Unable to share login state across multiple crawler #449

tanwar4 · 2025-01-13T19:37:49Z

I am running into a weird issue where I tried transferring the login state by sharing the user data. I shared the user data by first performing the login using on_browser_created hook and sharing the state with another AsyncWebCrawler. However, I still have to perform the login for the second AsyncWebCrawler. Here's my code.

         async def on_browser_created_hook(cls, browser):
              logger.info("[HOOK] on_browser_created")
              context = browser.contexts[0]
              page = await context.new_page()
      
              # Navigate to login page
              print("Please log in manually in the browser.")
      
              await page.wait_for_load_state("networkidle")
      
              # Export the storage state after manual login
              await context.storage_state(path="my_storage_state.json")

              await page.close()
              
        # First run: perform login and store state
        async with AsyncWebCrawler(
            headless=False,
            verbose=True,
            hooks={"on_browser_created": cls.on_browser_created_hook},
            use_persistent_context=True,
            user_data_dir="./my_user_data",
        ) as crawler:
            result = await crawler.arun(
                url=auth_url,
                cache_mode=CacheMode.BYPASS,
            )
            if result.success:
                print("SSO login success", result.success)
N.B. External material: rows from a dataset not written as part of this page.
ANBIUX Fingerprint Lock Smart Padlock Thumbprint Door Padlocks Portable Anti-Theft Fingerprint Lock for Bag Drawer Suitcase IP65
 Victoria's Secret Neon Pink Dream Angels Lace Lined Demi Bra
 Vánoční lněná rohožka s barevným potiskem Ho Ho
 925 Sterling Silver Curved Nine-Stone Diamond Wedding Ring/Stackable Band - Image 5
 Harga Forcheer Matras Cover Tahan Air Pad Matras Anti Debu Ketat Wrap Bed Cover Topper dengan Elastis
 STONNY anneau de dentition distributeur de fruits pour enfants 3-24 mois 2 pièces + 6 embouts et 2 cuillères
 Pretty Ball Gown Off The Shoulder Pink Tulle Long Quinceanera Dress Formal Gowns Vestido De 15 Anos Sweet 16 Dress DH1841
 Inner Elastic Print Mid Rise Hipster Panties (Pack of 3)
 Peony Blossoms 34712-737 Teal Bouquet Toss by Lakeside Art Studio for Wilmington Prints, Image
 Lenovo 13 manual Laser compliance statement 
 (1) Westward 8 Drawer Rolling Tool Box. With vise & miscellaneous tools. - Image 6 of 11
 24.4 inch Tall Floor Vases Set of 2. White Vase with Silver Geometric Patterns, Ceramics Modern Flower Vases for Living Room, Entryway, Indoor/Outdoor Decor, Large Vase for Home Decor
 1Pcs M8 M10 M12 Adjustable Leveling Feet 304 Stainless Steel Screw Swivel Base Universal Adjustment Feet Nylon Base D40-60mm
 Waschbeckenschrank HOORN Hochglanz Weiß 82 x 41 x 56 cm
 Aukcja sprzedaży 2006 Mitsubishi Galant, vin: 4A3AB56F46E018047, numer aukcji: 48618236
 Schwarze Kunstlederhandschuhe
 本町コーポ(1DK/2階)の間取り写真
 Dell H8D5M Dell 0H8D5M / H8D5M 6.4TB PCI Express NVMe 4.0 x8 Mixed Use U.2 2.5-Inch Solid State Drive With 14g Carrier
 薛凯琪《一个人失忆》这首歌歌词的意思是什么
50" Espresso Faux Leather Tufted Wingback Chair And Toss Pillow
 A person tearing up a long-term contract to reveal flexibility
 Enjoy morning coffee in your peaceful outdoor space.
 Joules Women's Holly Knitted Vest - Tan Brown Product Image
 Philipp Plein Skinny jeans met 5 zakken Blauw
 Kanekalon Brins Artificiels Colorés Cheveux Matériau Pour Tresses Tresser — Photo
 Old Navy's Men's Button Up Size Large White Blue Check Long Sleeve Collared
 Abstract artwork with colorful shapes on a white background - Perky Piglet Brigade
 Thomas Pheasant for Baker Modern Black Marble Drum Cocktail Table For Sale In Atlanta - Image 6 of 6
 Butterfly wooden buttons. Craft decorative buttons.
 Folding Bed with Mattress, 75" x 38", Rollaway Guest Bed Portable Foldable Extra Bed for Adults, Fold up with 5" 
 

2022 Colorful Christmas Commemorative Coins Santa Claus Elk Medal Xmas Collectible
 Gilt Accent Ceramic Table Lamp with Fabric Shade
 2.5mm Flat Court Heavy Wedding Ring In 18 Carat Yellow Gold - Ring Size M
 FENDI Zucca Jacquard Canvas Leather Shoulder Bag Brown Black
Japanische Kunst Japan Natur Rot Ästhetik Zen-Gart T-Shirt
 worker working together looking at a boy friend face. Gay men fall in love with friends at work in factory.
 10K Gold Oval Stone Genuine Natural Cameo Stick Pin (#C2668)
        async with AsyncWebCrawler(
            verbose=True,
            headless=True,
            use_persistent_context=True,
            text_only=True,
            light_mode=True,
            user_data_dir="./my_user_data",
            storage_state="my_storage_state.json",
        ) as crawler:
            scraper = Scraper(
                crawler=crawler,
                kwargs=kwargs,
                urls=urls,
                workers=workers,
                limit=page_limit,
                max_depth=depth,
            )
            await scraper.run()

            logger.info(f"Crawled {len(scraper.results)} pages across all websites:")

When I try the same thing using playwright I am able to share the user data without having to login again.
Here's the playwright code


def authenticate_and_save_state():
    with sync_playwright() as p:
        browser = p.chromium.launch(headless=False)  # Open headed browser for SSO
        context = browser.new_context()

        page = context.new_page()
        page.goto('https:/auth-url.com/')  

        # Perform SSO login manually or automatically
        input("Please complete the SSO login in the browser and press Enter here...")

        # Save the session state (cookies, local storage, etc.)
        context.storage_state(path='auth_state.json')
        browser.close()

        print("Authentication state saved to auth_state.json")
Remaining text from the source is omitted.